Hi there,

I'm working on a hierarchical dataset where individuals are nested within the household. I would like to count the number of brothers/sisters the individual has in the household. For each household, I have the person's id, their father/mother's id and gender.

Code:
clear
input double(pid fid code gender codef codem)
110001101 110001 101 1 201 202
110001102 110001 102 0 204 205
110002101 110002 101 1 201 202
110002102 110002 102 0 203   .
110002103 110002 103 0 101 102
110003101 110003 101 1 201 202
110003102 110003 102 0 203 204
110003103 110003 103 0 101 102
110005101 110005 101 0 102 103
110005102 110005 102 1 201 104
110005103 110005 103 0 202 203
110005104 110005 104 0 204 205
110006101 110006 101 1 201 202
110006102 110006 102 0 203 204
110006103 110006 103 0 101 102
110007101 110007 101 0 102 104
110007102 110007 102 1 201   .
110007103 110007 103 1 102 104
110007104 110007 104 0 202   .
110009101 110009 101 0 201 202
end

label var pid "Individual ID"
label var fid "household ID"
label var code "ID within household"
label var gender "gender"
label var codef "father ID within household"
label var codem "mother ID within household"

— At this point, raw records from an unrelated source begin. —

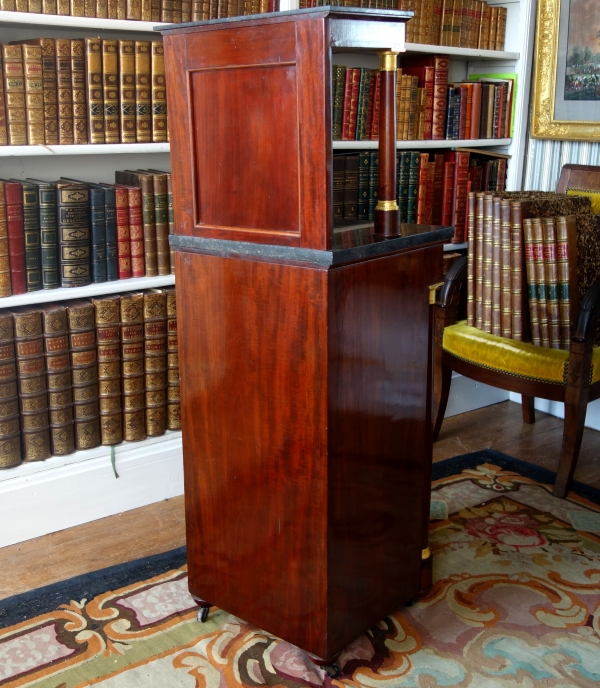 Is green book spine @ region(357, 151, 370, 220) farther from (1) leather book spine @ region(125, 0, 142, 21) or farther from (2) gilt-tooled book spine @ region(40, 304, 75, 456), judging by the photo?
(2) gilt-tooled book spine @ region(40, 304, 75, 456)

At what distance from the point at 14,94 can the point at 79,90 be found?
19 cm

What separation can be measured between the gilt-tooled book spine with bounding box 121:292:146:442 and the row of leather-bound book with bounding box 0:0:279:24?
0.82m

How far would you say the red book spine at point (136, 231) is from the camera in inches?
99.4

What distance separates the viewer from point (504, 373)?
2.78 m

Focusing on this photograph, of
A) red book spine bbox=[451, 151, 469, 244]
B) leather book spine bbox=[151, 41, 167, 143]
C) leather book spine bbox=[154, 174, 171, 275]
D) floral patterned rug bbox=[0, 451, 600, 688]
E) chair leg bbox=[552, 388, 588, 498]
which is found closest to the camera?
floral patterned rug bbox=[0, 451, 600, 688]

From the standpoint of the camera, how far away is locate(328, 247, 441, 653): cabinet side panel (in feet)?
5.56

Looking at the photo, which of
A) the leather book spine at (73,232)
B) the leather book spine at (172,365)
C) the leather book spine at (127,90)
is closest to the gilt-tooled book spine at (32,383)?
the leather book spine at (73,232)

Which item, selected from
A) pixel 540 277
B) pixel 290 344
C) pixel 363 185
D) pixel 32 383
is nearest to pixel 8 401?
pixel 32 383

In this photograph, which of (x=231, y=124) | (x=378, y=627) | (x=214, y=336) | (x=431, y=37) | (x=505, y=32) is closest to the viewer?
(x=231, y=124)

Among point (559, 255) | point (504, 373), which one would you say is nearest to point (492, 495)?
point (504, 373)

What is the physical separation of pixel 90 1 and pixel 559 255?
1.61 metres

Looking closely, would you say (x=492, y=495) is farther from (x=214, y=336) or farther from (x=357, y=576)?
(x=214, y=336)

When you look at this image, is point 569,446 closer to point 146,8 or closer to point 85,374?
point 85,374

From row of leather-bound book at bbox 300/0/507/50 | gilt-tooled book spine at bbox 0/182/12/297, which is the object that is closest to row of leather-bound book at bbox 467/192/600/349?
row of leather-bound book at bbox 300/0/507/50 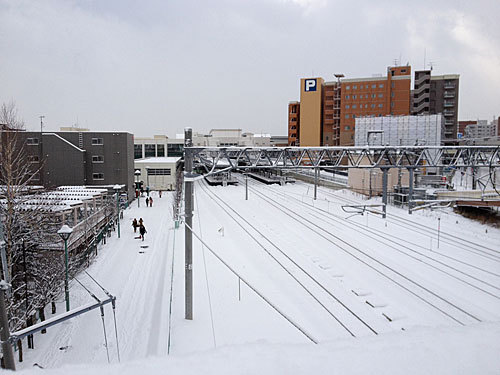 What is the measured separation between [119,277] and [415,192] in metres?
19.7

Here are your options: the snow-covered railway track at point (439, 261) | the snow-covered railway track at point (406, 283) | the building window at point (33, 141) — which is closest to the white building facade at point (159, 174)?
the building window at point (33, 141)

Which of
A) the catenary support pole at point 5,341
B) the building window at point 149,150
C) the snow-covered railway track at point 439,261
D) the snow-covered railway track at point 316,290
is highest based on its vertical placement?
the building window at point 149,150

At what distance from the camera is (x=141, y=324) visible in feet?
26.8

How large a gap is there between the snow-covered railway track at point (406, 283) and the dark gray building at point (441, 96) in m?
42.2

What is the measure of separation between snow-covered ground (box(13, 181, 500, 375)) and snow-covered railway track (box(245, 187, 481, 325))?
1.6 inches

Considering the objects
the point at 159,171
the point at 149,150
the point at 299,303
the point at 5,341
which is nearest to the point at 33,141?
the point at 159,171

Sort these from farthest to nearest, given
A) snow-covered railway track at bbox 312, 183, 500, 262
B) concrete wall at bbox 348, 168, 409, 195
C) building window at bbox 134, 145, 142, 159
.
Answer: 1. building window at bbox 134, 145, 142, 159
2. concrete wall at bbox 348, 168, 409, 195
3. snow-covered railway track at bbox 312, 183, 500, 262

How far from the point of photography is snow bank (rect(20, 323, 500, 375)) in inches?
104

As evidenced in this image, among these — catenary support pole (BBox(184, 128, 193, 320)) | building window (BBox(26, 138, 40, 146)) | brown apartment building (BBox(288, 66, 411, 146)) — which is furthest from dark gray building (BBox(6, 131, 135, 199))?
brown apartment building (BBox(288, 66, 411, 146))

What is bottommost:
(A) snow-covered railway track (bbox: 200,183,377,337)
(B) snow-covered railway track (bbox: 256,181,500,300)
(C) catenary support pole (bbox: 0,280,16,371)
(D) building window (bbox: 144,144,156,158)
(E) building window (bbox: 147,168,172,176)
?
(A) snow-covered railway track (bbox: 200,183,377,337)

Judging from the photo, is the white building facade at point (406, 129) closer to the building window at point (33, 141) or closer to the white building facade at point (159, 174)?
the white building facade at point (159, 174)

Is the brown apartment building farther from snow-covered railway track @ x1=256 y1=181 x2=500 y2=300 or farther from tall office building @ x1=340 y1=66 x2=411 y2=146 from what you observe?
snow-covered railway track @ x1=256 y1=181 x2=500 y2=300

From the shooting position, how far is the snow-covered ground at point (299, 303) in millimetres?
2781

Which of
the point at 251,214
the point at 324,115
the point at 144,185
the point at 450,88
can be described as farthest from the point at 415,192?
the point at 450,88
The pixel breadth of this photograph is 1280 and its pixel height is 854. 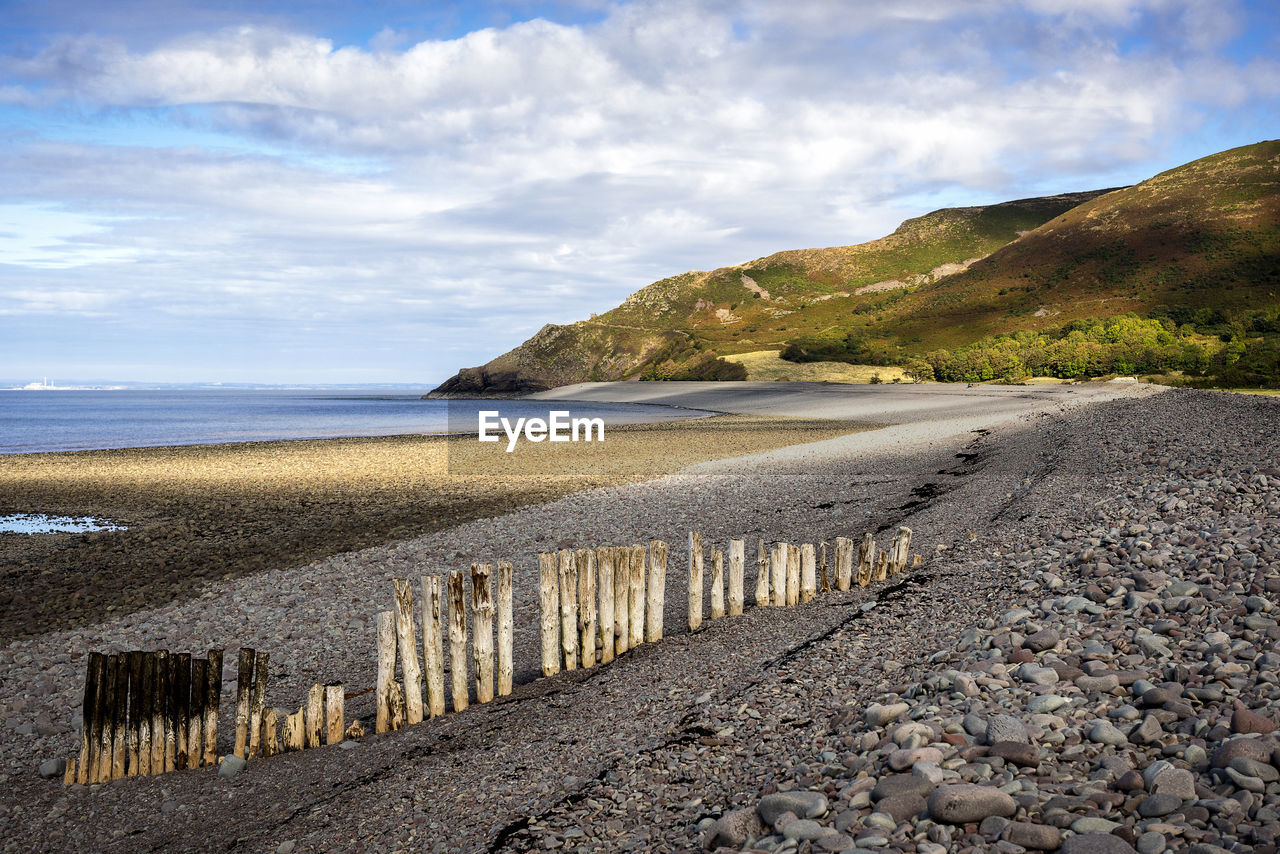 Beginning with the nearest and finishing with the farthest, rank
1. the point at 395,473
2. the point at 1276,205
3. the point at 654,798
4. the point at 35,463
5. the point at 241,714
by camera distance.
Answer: the point at 654,798, the point at 241,714, the point at 395,473, the point at 35,463, the point at 1276,205

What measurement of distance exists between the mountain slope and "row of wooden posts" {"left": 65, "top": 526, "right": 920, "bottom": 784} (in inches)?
3597

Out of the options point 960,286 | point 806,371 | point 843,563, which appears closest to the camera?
point 843,563

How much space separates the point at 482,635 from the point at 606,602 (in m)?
1.31

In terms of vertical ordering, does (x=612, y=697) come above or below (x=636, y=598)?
below

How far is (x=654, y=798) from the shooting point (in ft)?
16.5

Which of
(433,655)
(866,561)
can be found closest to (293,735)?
(433,655)

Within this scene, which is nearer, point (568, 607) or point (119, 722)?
point (119, 722)

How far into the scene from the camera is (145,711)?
269 inches

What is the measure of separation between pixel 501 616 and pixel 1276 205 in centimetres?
13995

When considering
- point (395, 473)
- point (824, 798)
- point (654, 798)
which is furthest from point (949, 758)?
point (395, 473)

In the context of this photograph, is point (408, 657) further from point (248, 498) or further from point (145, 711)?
point (248, 498)

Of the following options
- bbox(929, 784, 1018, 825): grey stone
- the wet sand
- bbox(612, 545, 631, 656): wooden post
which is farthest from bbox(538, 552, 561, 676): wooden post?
the wet sand

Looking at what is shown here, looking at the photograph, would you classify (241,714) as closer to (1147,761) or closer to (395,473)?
(1147,761)

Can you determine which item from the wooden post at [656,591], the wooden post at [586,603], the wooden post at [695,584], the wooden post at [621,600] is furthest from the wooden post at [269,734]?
the wooden post at [695,584] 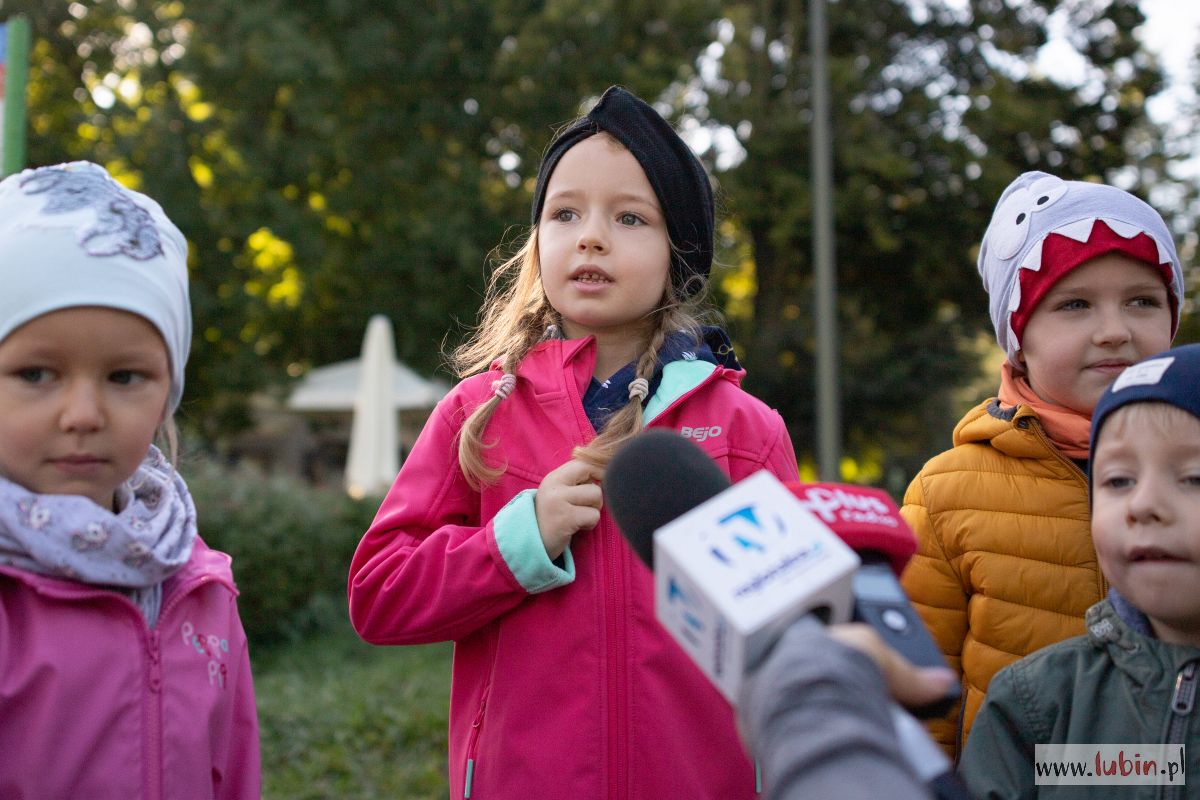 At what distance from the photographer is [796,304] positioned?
63.5 ft

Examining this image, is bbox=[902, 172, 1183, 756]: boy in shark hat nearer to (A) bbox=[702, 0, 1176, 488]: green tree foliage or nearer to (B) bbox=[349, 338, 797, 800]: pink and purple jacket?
(B) bbox=[349, 338, 797, 800]: pink and purple jacket

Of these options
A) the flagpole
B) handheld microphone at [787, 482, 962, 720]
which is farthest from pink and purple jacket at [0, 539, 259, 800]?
the flagpole

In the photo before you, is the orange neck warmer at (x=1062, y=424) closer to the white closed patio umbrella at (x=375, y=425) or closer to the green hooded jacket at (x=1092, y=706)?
the green hooded jacket at (x=1092, y=706)

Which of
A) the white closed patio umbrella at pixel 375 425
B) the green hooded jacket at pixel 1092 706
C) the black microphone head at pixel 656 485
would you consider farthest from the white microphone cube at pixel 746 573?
the white closed patio umbrella at pixel 375 425

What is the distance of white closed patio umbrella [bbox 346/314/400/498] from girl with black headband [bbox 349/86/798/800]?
9047mm

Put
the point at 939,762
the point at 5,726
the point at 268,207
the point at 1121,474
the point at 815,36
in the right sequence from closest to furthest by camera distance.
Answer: the point at 939,762
the point at 5,726
the point at 1121,474
the point at 815,36
the point at 268,207

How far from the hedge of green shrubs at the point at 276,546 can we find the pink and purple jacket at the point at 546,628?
18.2 feet

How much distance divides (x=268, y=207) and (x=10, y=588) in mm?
18887

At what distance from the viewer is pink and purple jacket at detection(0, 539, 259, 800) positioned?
1922 millimetres

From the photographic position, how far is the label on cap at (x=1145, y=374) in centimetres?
211

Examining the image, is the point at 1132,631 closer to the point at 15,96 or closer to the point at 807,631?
the point at 807,631

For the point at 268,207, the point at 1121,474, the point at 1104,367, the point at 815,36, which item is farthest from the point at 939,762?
the point at 268,207

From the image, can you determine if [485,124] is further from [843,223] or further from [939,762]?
[939,762]

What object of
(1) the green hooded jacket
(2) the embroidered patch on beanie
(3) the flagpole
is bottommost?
(1) the green hooded jacket
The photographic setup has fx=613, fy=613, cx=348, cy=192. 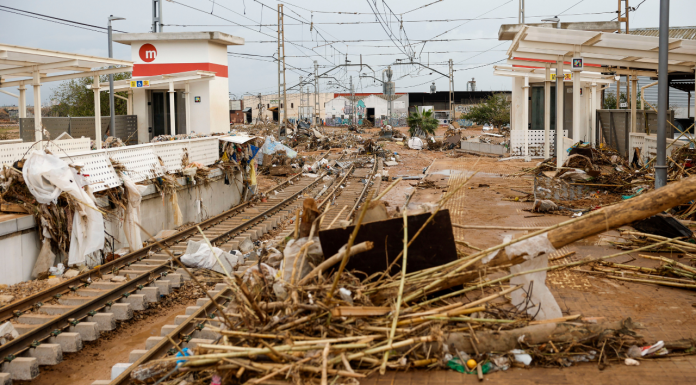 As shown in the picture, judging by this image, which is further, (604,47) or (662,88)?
(604,47)

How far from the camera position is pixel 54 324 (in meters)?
7.48

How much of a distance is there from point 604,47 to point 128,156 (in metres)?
12.3

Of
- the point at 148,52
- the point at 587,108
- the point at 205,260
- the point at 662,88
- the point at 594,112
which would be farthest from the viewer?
the point at 587,108

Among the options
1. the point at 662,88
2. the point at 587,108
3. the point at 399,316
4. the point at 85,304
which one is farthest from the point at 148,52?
the point at 399,316

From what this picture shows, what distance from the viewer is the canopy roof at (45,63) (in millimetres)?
12859

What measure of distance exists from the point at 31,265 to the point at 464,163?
2055 centimetres

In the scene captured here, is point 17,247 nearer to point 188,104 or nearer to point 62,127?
point 62,127

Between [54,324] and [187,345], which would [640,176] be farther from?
[54,324]

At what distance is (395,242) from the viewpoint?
5.83m

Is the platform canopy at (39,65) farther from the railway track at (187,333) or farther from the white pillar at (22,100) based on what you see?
the railway track at (187,333)

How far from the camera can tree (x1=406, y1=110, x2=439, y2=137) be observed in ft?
152

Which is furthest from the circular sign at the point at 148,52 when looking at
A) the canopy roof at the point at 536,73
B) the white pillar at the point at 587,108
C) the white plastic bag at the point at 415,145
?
the white pillar at the point at 587,108

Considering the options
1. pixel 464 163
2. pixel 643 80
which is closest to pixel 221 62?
pixel 464 163

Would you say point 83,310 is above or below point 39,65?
below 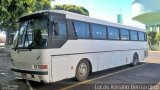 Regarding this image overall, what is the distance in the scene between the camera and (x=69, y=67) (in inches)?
368

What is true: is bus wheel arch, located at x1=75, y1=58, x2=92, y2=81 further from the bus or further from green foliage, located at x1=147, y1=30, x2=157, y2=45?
green foliage, located at x1=147, y1=30, x2=157, y2=45

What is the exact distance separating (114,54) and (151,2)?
181ft

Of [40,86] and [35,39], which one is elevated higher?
[35,39]

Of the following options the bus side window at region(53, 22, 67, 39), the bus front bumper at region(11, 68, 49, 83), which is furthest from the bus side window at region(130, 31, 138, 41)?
the bus front bumper at region(11, 68, 49, 83)

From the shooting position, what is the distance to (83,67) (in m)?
10.4

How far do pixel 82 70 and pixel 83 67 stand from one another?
15cm

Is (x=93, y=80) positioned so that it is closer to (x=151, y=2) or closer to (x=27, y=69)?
(x=27, y=69)

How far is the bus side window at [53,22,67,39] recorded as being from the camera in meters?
8.82

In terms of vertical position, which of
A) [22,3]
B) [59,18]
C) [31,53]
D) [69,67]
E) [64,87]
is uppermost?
[22,3]

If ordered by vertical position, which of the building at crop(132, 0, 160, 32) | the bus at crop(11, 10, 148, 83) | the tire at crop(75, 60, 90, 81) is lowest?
the tire at crop(75, 60, 90, 81)

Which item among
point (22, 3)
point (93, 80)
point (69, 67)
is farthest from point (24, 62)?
point (22, 3)

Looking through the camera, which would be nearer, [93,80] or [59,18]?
[59,18]

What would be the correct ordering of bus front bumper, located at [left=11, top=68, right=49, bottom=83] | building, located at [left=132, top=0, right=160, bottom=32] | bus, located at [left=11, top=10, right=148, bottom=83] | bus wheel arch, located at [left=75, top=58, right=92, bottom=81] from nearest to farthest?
bus front bumper, located at [left=11, top=68, right=49, bottom=83], bus, located at [left=11, top=10, right=148, bottom=83], bus wheel arch, located at [left=75, top=58, right=92, bottom=81], building, located at [left=132, top=0, right=160, bottom=32]

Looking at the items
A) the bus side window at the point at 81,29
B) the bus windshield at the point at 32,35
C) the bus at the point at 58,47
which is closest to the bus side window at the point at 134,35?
the bus at the point at 58,47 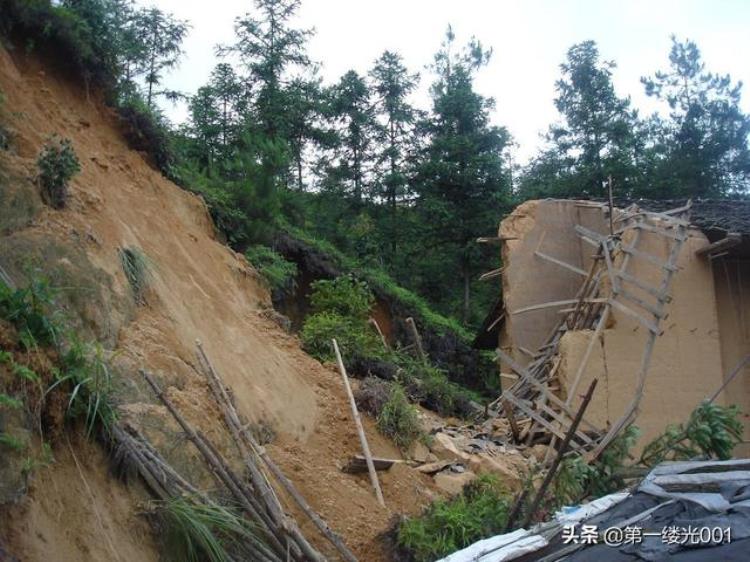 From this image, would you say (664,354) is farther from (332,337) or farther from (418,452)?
(332,337)

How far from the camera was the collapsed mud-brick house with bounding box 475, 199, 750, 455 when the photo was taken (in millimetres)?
9961

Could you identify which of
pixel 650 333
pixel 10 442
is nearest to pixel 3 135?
pixel 10 442

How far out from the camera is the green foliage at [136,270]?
711 centimetres

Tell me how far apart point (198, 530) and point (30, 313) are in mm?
1782

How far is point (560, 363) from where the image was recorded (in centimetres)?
1027

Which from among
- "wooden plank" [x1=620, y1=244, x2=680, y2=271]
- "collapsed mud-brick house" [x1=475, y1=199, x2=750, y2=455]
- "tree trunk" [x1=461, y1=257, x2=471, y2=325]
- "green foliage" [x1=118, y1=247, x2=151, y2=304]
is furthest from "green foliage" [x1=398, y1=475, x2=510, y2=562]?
"tree trunk" [x1=461, y1=257, x2=471, y2=325]

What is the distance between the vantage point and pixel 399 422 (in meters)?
8.72

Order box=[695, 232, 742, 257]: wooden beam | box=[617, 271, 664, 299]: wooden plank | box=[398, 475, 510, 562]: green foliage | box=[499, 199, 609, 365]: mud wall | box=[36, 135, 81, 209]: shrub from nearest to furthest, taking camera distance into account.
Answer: box=[398, 475, 510, 562]: green foliage < box=[36, 135, 81, 209]: shrub < box=[695, 232, 742, 257]: wooden beam < box=[617, 271, 664, 299]: wooden plank < box=[499, 199, 609, 365]: mud wall

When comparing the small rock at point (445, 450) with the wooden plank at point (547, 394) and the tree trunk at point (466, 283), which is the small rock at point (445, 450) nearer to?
the wooden plank at point (547, 394)

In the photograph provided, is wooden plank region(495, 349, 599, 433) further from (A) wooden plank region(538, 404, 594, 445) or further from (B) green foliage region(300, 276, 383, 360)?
(B) green foliage region(300, 276, 383, 360)

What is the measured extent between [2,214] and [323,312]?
6637mm

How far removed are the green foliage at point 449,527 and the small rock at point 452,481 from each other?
0.85m

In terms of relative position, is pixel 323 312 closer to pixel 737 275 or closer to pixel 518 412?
pixel 518 412

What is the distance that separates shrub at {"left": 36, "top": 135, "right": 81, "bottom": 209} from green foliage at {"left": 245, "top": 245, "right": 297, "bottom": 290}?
4498 millimetres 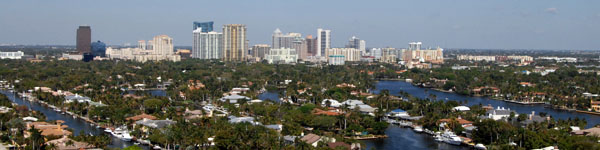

In counting the number of brothers, for example, I'd like to first identify anyone who is male, and shares the same father id/ mother id, to be one's brother. And then counting the number of brothers one has in the household.

I'd like to do this without looping through the data. Here's my try:

Code:
bysort fid  : g sib_male=sum((gender[_n+1]==1)  &((codef==codef[_n+1] & codef<. ) |  ///
                                                  (codem==codem[_n+1] & codem <. ) ) )
bysort fid : replace sib_male=sib_male[_N]
However, it seems that the code is incorrect, as it assigns everyone in the family has the same number of brothers.

Can ayone help me figure out the correct way to conduct this? Many Thanks!